Parameter	Type	Default	Explanation
application	str		The application that submitted as a job, either a .jar or .py file.
applicationArgs	list	[]	Arguments for the application being submitted.
sparkConfig	map		Arbitrary Spark configuration properties, see default settings below.
javaClass	str		The main class of the Java application, this is not needed when using PySpark.
awsRole	str		The AWS role to be used by both the driver and executors. For more info see Operators - AWS Role.
azureApplicationClientId	str		The Azure AD Service Principal used by the container. For more info see Operators - Azure Service Principal.
driverInstanceType	str	mx.small	The Conveyor instance type to use for the Spark driver. This specifies the CPU/Memory the driver can use.
executorInstanceType	str	mx.small	The Conveyor instance type to use for the executors. This specifies the CPU/Memory the executors can use.
numberOfExecutors	int	2	Number of executors to launch.
instanceLifeCycle	string	driver-on-demand-executors-spot	The lifecycle of the instance used to run this job. Options are `on-demand`, `spot` or `driver-on-demand-executors-spot`.
s3Committer	str	file	The S3 committer to be used by the Spark applications.

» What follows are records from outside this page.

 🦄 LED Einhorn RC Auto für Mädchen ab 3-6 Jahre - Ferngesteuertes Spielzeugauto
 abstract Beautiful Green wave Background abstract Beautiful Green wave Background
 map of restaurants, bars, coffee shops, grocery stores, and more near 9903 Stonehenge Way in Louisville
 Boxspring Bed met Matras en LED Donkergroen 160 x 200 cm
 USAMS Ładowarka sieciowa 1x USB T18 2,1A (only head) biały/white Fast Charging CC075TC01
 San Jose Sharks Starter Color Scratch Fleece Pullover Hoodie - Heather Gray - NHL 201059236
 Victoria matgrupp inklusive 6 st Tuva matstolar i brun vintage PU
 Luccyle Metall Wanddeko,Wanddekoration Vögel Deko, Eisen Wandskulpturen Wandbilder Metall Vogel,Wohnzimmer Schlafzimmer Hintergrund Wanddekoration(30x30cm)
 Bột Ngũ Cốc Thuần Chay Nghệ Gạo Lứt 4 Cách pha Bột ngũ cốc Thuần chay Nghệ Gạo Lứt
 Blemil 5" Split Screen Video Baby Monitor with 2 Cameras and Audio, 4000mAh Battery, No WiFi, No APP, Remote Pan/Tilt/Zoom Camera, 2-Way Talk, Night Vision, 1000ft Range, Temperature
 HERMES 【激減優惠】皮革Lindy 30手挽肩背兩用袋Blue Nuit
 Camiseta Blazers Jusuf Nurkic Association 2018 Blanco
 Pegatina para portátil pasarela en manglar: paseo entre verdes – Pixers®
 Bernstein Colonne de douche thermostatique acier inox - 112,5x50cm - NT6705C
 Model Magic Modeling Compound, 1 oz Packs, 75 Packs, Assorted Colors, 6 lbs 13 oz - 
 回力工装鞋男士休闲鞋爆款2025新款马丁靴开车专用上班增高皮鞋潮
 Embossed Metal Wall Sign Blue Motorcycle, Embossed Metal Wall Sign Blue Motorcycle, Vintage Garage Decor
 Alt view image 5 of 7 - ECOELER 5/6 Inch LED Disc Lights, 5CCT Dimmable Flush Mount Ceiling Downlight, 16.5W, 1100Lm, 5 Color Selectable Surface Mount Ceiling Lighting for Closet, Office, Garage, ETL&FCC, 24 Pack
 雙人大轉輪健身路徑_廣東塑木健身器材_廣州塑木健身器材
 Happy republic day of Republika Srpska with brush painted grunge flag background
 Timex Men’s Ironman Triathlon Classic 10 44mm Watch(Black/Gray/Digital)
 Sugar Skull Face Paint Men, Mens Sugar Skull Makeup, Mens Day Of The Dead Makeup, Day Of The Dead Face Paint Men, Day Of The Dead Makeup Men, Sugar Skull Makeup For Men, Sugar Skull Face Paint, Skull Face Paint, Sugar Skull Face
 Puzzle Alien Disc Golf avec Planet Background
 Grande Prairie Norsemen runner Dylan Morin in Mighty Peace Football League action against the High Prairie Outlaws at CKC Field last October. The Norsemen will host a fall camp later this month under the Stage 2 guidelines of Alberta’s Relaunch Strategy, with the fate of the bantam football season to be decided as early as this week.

Supported committers are `file` and `magic`. The magic S3 committer requires a Spark installation build with hadoop-cloud support. Our `...hadoop-3.3.1-...-v2` images and later support this. For more information on S3 committers, see here.
envVariables	map		Extra environment variables or secrets you want to mount for your Spark application

Templating

In the streaming specification, you can also apply templating. This is useful if you want to change certain settings according to the environment you are deploying to.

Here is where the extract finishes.